- _Source data_:
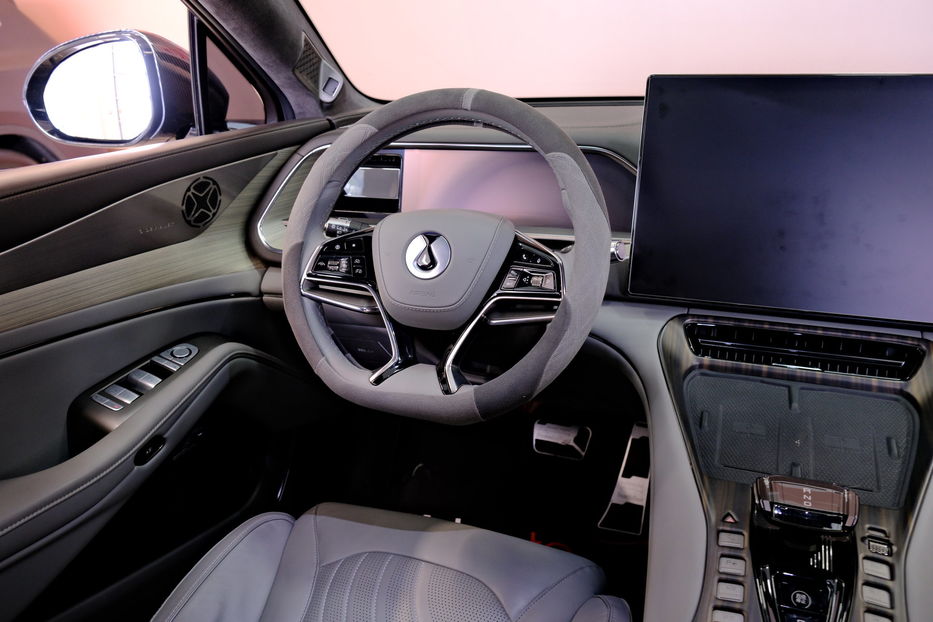 Продам BYD Tang  Denza N7 2024 года в Одессе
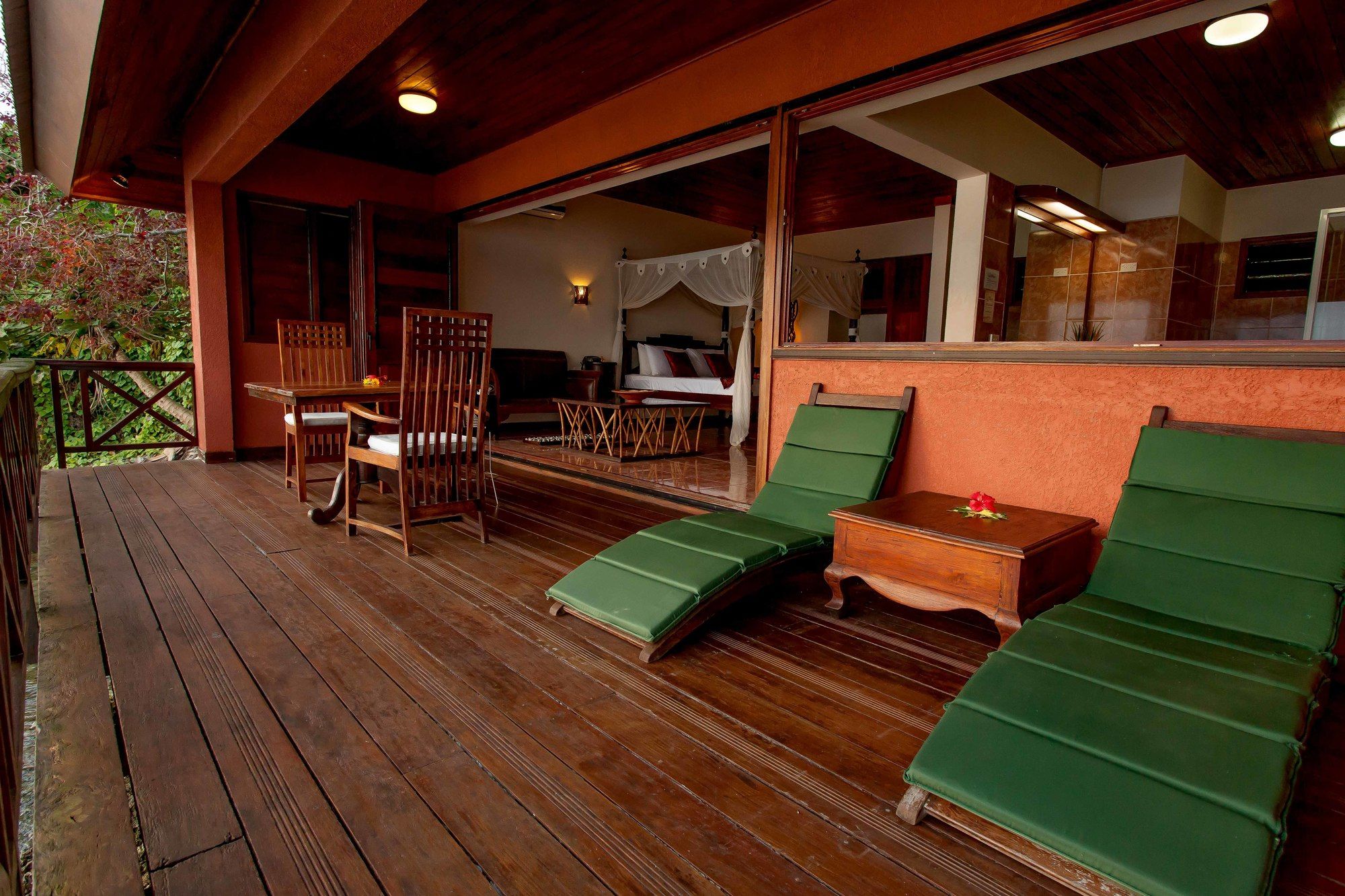 Фото Sunset Bungalows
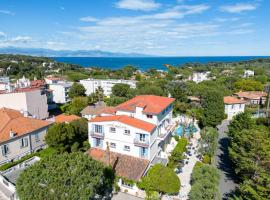 Hôtel Beau Site - Cap d'Antibes: Antibes şehrinde bir otel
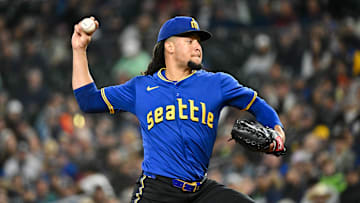 Seattle Mariners pitcher Luis Castillo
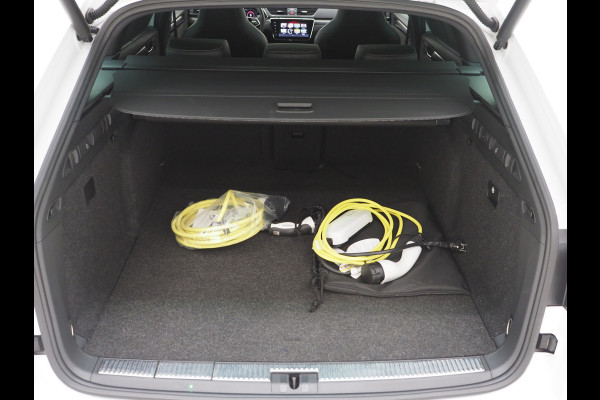 Škoda Superb Combi 1.4 TSI iV Sportline 218PK | Panoramadak | Trekhaak | Sportstoelen | Camera | Keyless | Carplay Škoda Superb Combi 1.4 TSI iV Sportline 218PK | Panoramadak | Trekhaak | Sportstoelen | Camera | Keyless | Carplay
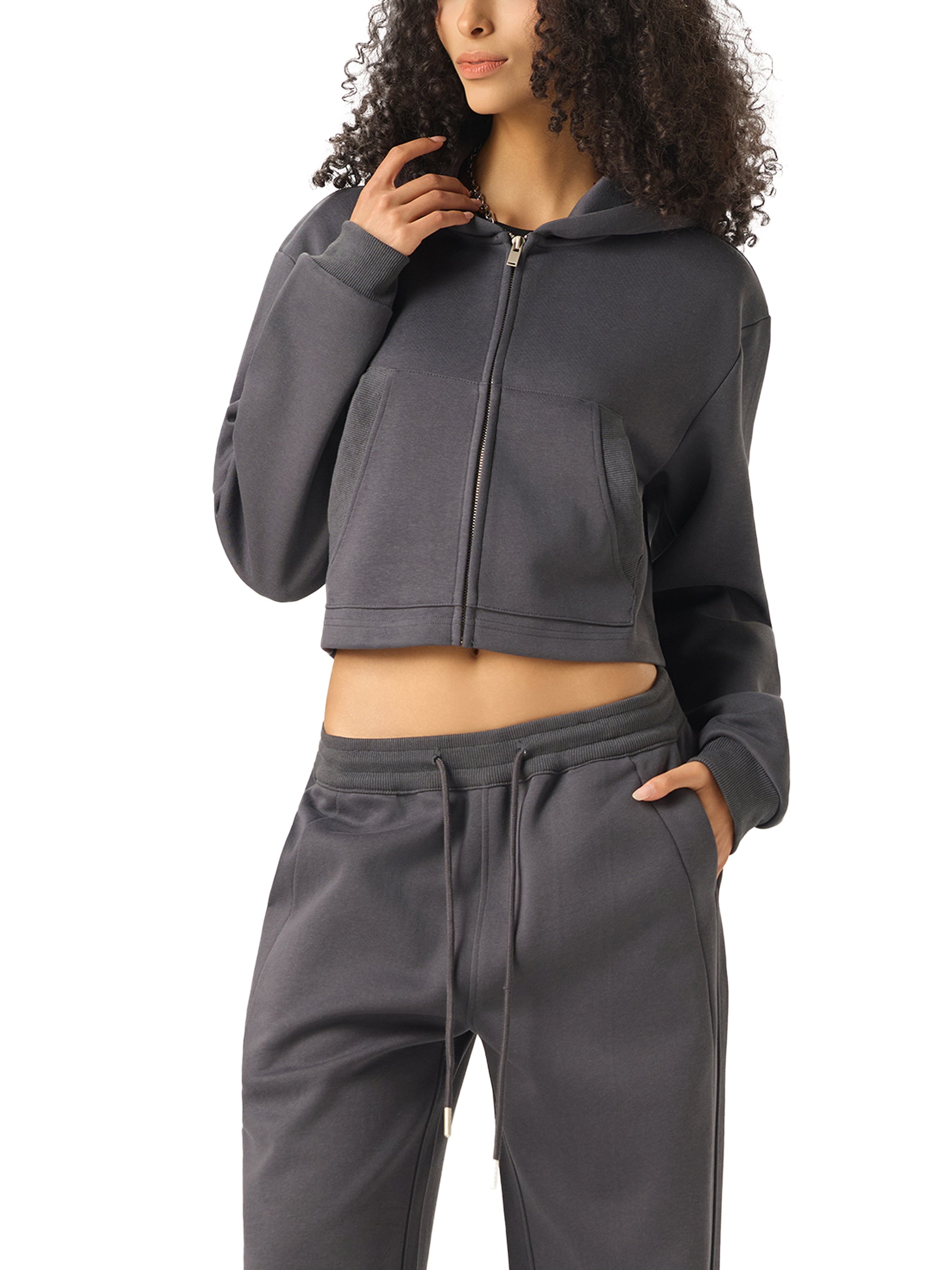 Fynco Essential Cropped Zip-Up Hoodie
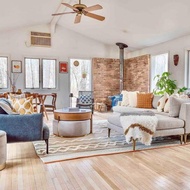 โรงแรม Relaxing Hudson Valley Getaway- 4BR Sauna 15 acres - Stone Ridge
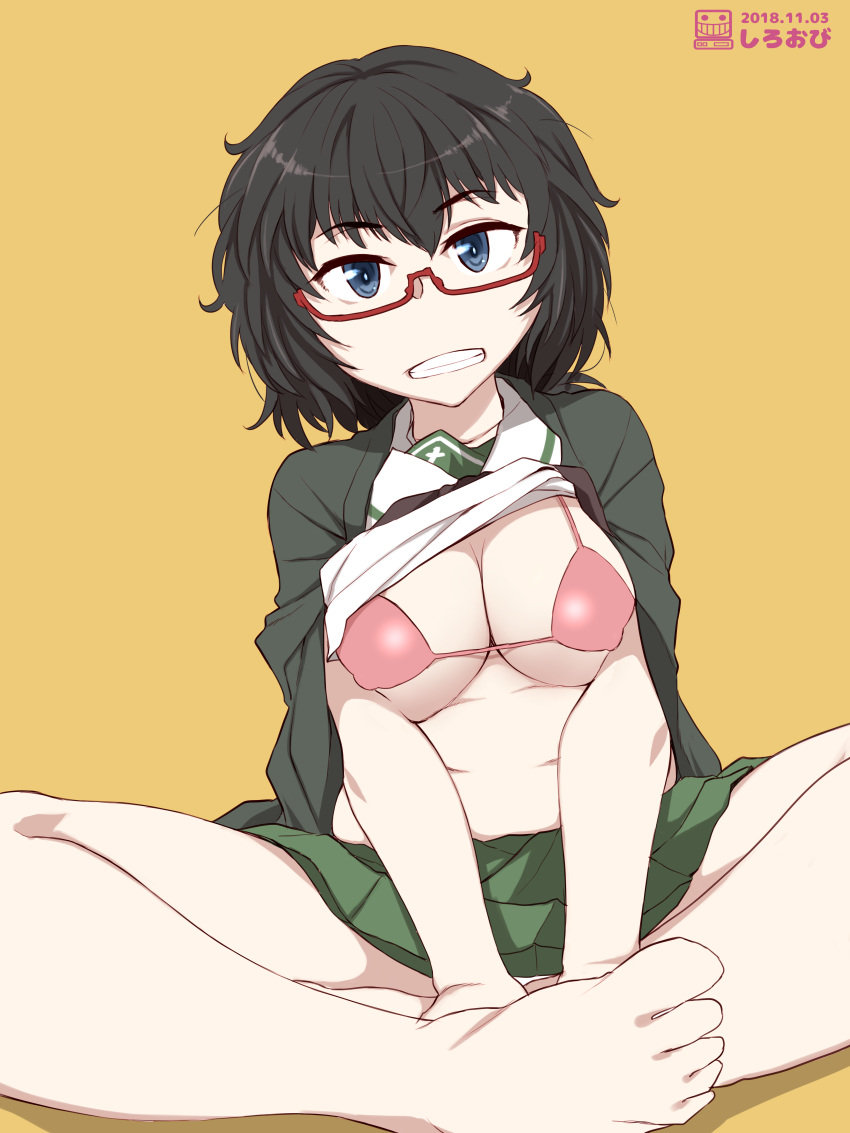 absurdres barefoot bikini black_hair blush breasts brown_eyes girls_und_panzer glasses highres large_breasts looking_at_viewer ooarai_school_uniform oryou_(girls_und_panzer) pink_bikini school_uniform shiroobi_(whitebeltmaster) shirt_lift simple_background smile solo swimsuit swimwear yellow_background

- _Problem description_: Nothing but an exact copy of the data, without pictures, should be returned.

- _Result for this exercise_:
 Продам BYD Tang  Denza N7 2024 года в Одессе
 Фото Sunset Bungalows
 Hôtel Beau Site - Cap d'Antibes: Antibes şehrinde bir otel
 Seattle Mariners pitcher Luis Castillo
 Škoda Superb Combi 1.4 TSI iV Sportline 218PK | Panoramadak | Trekhaak | Sportstoelen | Camera | Keyless | Carplay Škoda Superb Combi 1.4 TSI iV Sportline 218PK | Panoramadak | Trekhaak | Sportstoelen | Camera | Keyless | Carplay
 Fynco Essential Cropped Zip-Up Hoodie
 โรงแรม Relaxing Hudson Valley Getaway- 4BR Sauna 15 acres - Stone Ridge
 absurdres barefoot bikini black_hair blush breasts brown_eyes girls_und_panzer glasses highres large_breasts looking_at_viewer ooarai_school_uniform oryou_(girls_und_panzer) pink_bikini school_uniform shiroobi_(whitebeltmaster) shirt_lift simple_background smile solo swimsuit swimwear yellow_background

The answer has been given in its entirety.